# What to do
Exactly the lines below starting at the line with "Hi guys, welcome" and ending at the line with "This lake home" are wanted, with both ends included. Leave out the pictures and add no other lines.
Listed entries: Begin
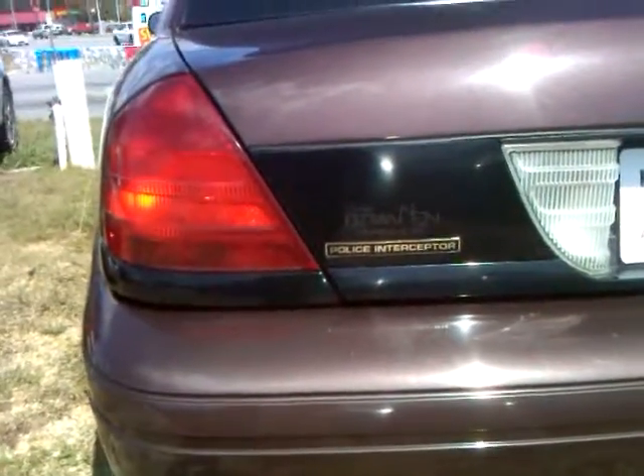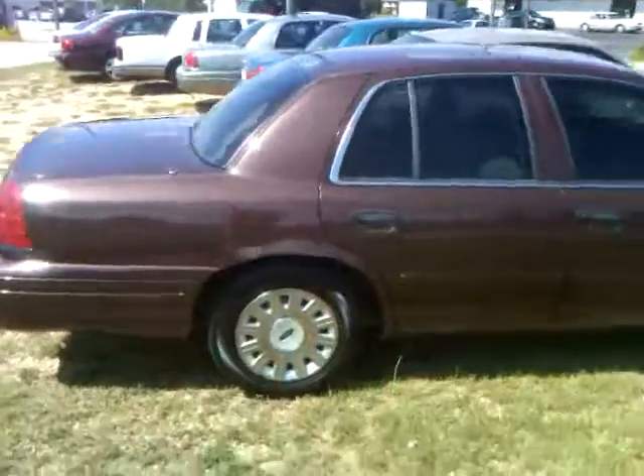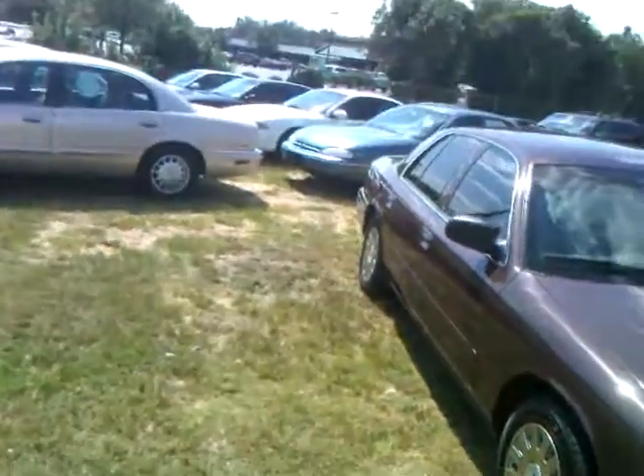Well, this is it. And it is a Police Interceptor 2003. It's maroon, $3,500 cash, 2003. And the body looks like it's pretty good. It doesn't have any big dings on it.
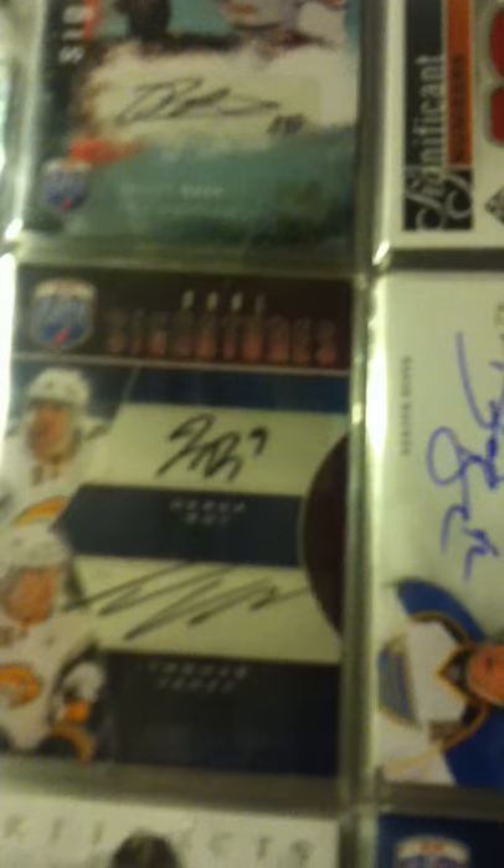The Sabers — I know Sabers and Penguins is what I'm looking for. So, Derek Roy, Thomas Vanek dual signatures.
Listed entries: End
Listed entries: Begin
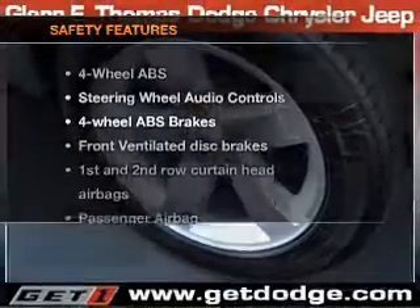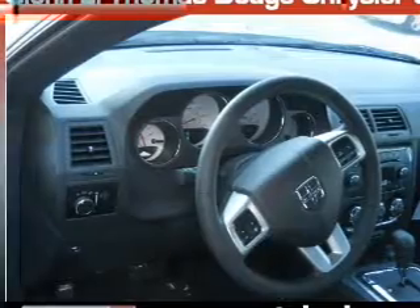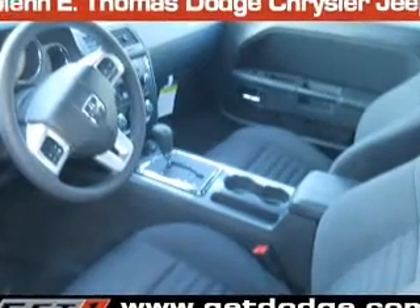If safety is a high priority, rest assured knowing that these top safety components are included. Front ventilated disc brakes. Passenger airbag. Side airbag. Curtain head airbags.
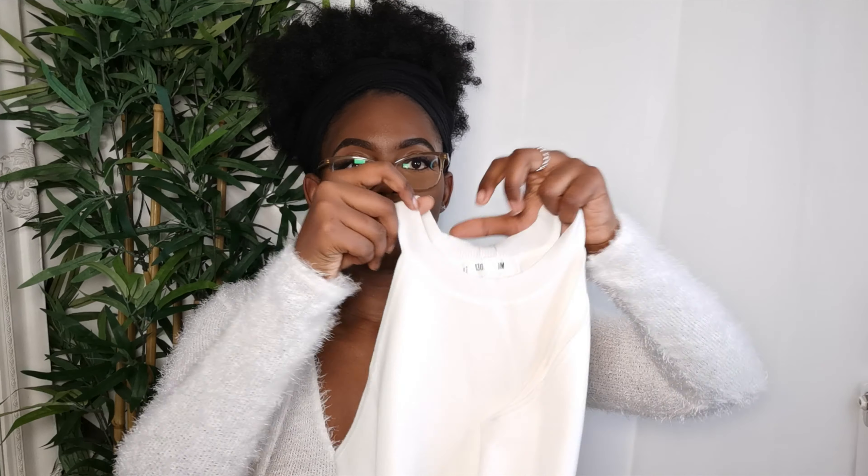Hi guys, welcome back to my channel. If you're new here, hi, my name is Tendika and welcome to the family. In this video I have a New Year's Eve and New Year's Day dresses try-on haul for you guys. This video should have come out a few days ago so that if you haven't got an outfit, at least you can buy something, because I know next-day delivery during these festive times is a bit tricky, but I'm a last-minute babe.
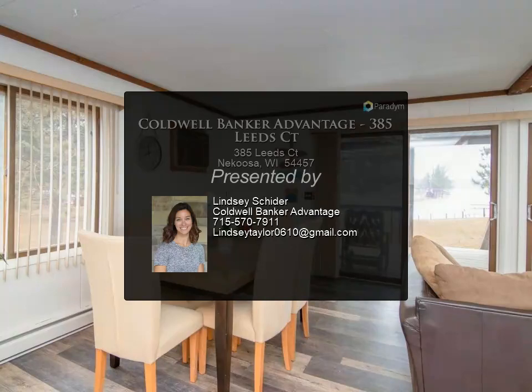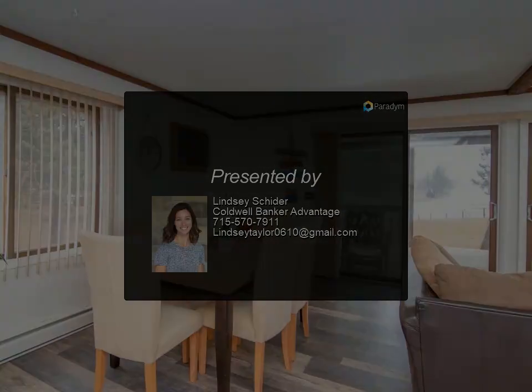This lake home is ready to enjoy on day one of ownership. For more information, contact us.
Listed entries: End
# Final answer
Hi guys, welcome back to my channel. If you're new here, hi, my name is Tendika and welcome to the family. In this video I have a New Year's Eve and New Year's Day dresses try-on haul for you guys. This video should have come out a few days ago so that if you haven't got an outfit, at least you can buy something, because I know next-day delivery during these festive times is a bit tricky, but I'm a last-minute babe.
This lake home is ready to enjoy on day one of ownership. For more information, contact us.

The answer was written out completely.